Unlike live albums that bear heavy editing, One Man Show encompasses an entire September 1, 2012 show from Des Moines, Iowa. According to Buckingham, the mix is "taken right off the console mix, with a couple of room mikes added in. It's live and raw, with no post-production." The result is a very intimate listening experience, sounding as if he is performing right in your living room. During the show, Buckingham draws from his group and solo years, re-imagining familiar hits and unearthing little-known album tracks. The entire album provides a rare peek into his creative process, his ability to lay his emotions bare in songs and even his often pounding guitar work.
Highlights include the aforementioned "Not Too Late," a wistful track off his 2003 solo album Under the Skin. His lyrics embody characteristics of insecurity about aging and his legacy: "Reading the paper, saw a review/ Said I was a visionary, but nobody knew/ Now that's been a problem/ Feeling unseen," he wails plaintively. His hit single "Trouble" benefits from a much slower tempo and stripped-down arrangement, with Buckingham pitching down his voice to make the line "I think I'm in trouble" sound more ominous. Unlike the upbeat original, here he hestiates at diving headfirst into love's troubled waters. "It's been so long since I held ya/ I've forgotten what love is for," he sings, letting his voice tremble with desperation.

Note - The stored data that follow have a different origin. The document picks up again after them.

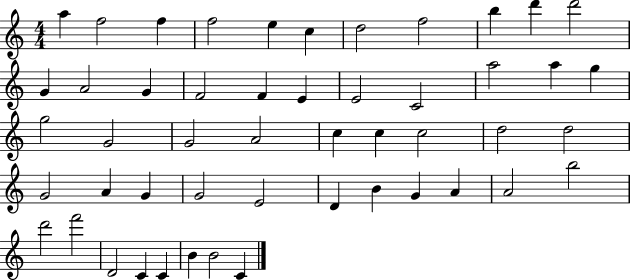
X:1
T:Untitled
M:4/4
L:1/4
K:C
a f2 f f2 e c d2 f2 b d' d'2 G A2 G F2 F E E2 C2 a2 a g g2 G2 G2 A2 c c c2 d2 d2 G2 A G G2 E2 D B G A A2 b2 d'2 f'2 D2 C C B B2 C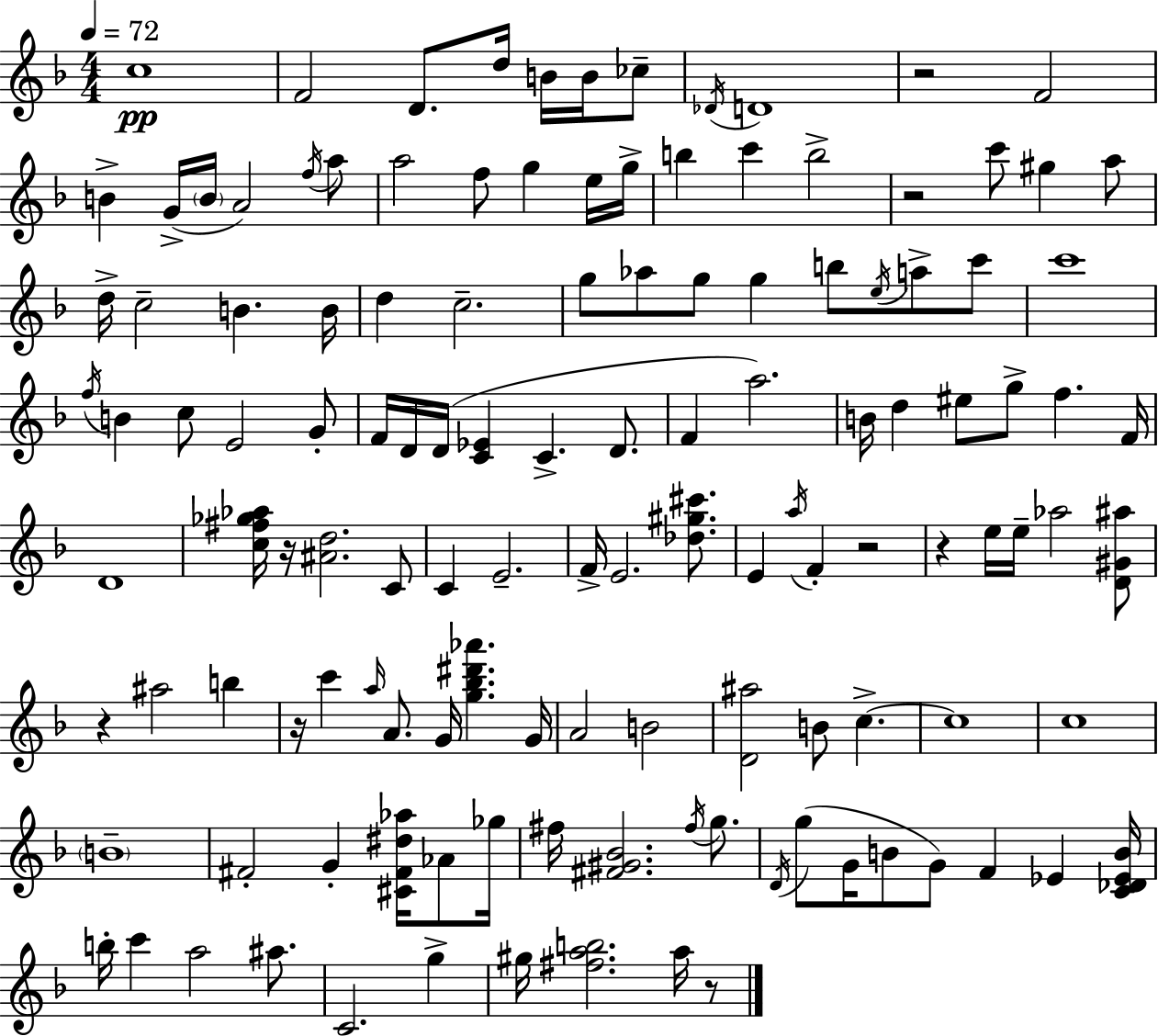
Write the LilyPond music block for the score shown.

{
  \clef treble
  \numericTimeSignature
  \time 4/4
  \key d \minor
  \tempo 4 = 72
  \repeat volta 2 { c''1\pp | f'2 d'8. d''16 b'16 b'16 ces''8-- | \acciaccatura { des'16 } d'1 | r2 f'2 | \break b'4-> g'16->( \parenthesize b'16 a'2) \acciaccatura { f''16 } | a''8 a''2 f''8 g''4 | e''16 g''16-> b''4 c'''4 b''2-> | r2 c'''8 gis''4 | \break a''8 d''16-> c''2-- b'4. | b'16 d''4 c''2.-- | g''8 aes''8 g''8 g''4 b''8 \acciaccatura { e''16 } a''8-> | c'''8 c'''1 | \break \acciaccatura { f''16 } b'4 c''8 e'2 | g'8-. f'16 d'16 d'16( <c' ees'>4 c'4.-> | d'8. f'4 a''2.) | b'16 d''4 eis''8 g''8-> f''4. | \break f'16 d'1 | <c'' fis'' ges'' aes''>16 r16 <ais' d''>2. | c'8 c'4 e'2.-- | f'16-> e'2. | \break <des'' gis'' cis'''>8. e'4 \acciaccatura { a''16 } f'4-. r2 | r4 e''16 e''16-- aes''2 | <d' gis' ais''>8 r4 ais''2 | b''4 r16 c'''4 \grace { a''16 } a'8. g'16 <g'' bes'' dis''' aes'''>4. | \break g'16 a'2 b'2 | <d' ais''>2 b'8 | c''4.->~~ c''1 | c''1 | \break \parenthesize b'1-- | fis'2-. g'4-. | <cis' fis' dis'' aes''>16 aes'8 ges''16 fis''16 <fis' gis' bes'>2. | \acciaccatura { fis''16 } g''8. \acciaccatura { d'16 }( g''8 g'16 b'8 g'8) f'4 | \break ees'4 <c' des' ees' b'>16 b''16-. c'''4 a''2 | ais''8. c'2. | g''4-> gis''16 <fis'' a'' b''>2. | a''16 r8 } \bar "|."
}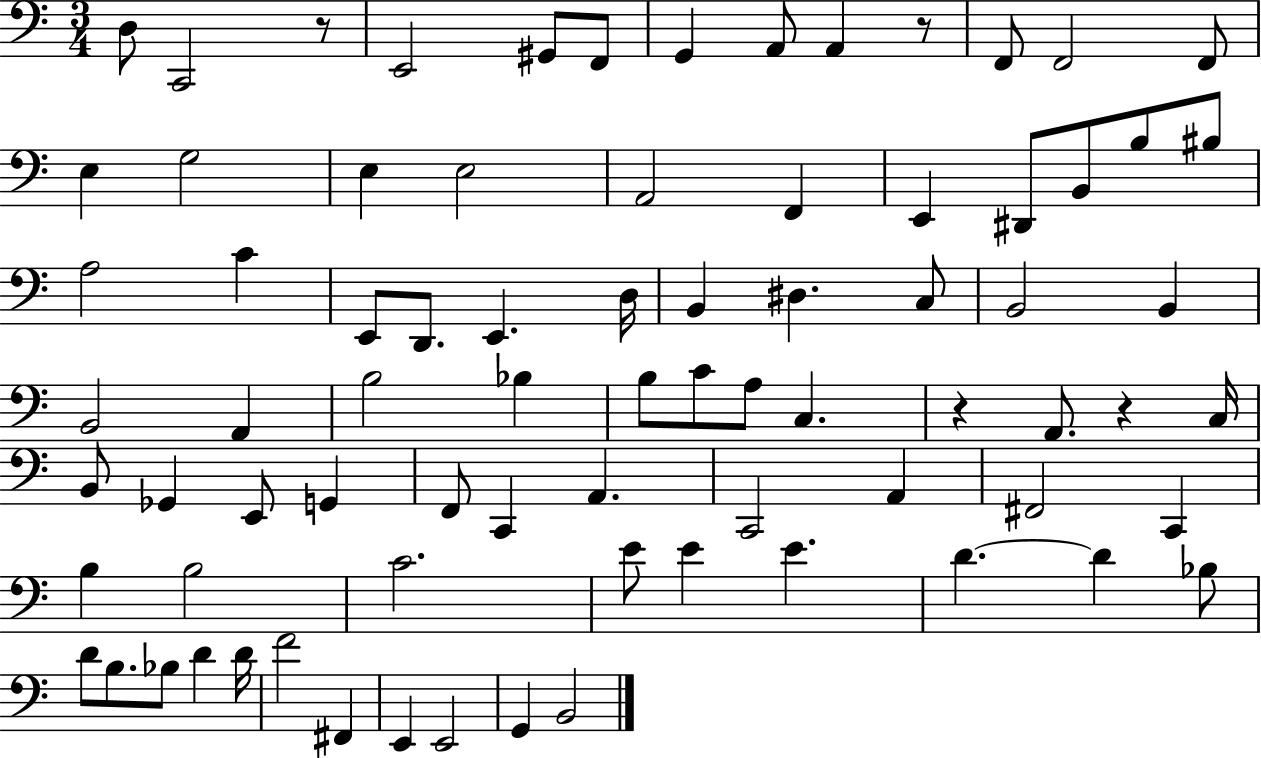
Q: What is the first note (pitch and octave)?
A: D3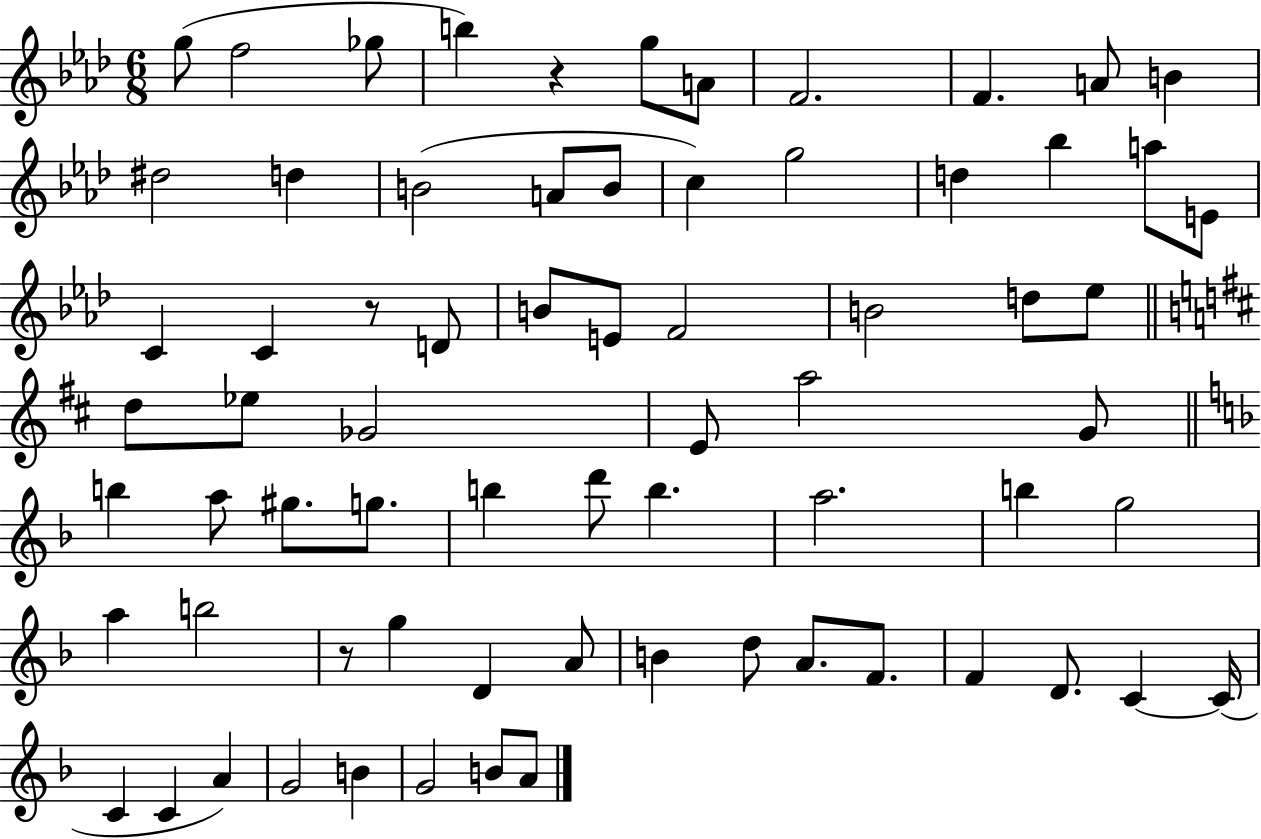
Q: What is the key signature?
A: AES major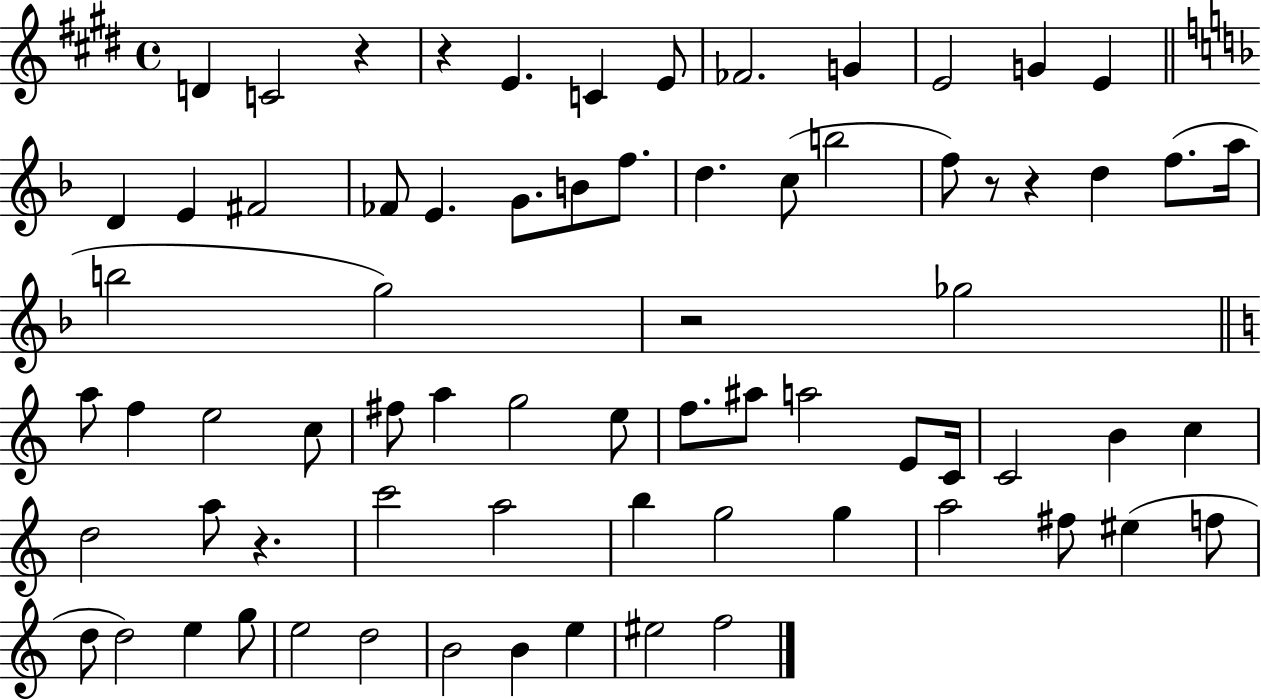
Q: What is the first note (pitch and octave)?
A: D4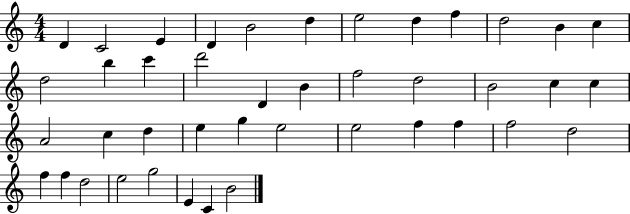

One track that undergoes a radical transformation is "Big Love," the 1987 Fleetwood Mac hit from Tango in the Night. The original suffered from over-bloated production; to rectify this wrong, Buckingham turns it into a virtual exorcism. His throbbing guitar lines propel the song (often sounding as if two or more guitarists are plucking along), his voice soars and dips, growling and screaming, adding new meaning to the lines "I wake up alone/ With it all/ I wake up/ But only to fall." Anyone who doubts Buckingham's talent as a guitarist need only listen to the track to be convinced.
To satisfy the crowd, Buckingham includes the iconic Fleetwood Mac song "Go Your Own Way"; though he has undoubtedly performed this track several times, he still conjures up images of love gone sour by snarling words like "shacking up's all you want to do." At the same time, he demonstrates his ability to write tender, delicate songs as well, such as the underrated Rumours song "Never Going Back Again" or the lovely instrumental "Stephanie."
In sum, One Man Show serves as a master class in songwriting, musicianship, and singing. Buckingham has always been in a class of his own, forging his own unique creative path. This thoroughly enjoyable concert celebrates these qualities, and also demonstrates that he still has much music left in him.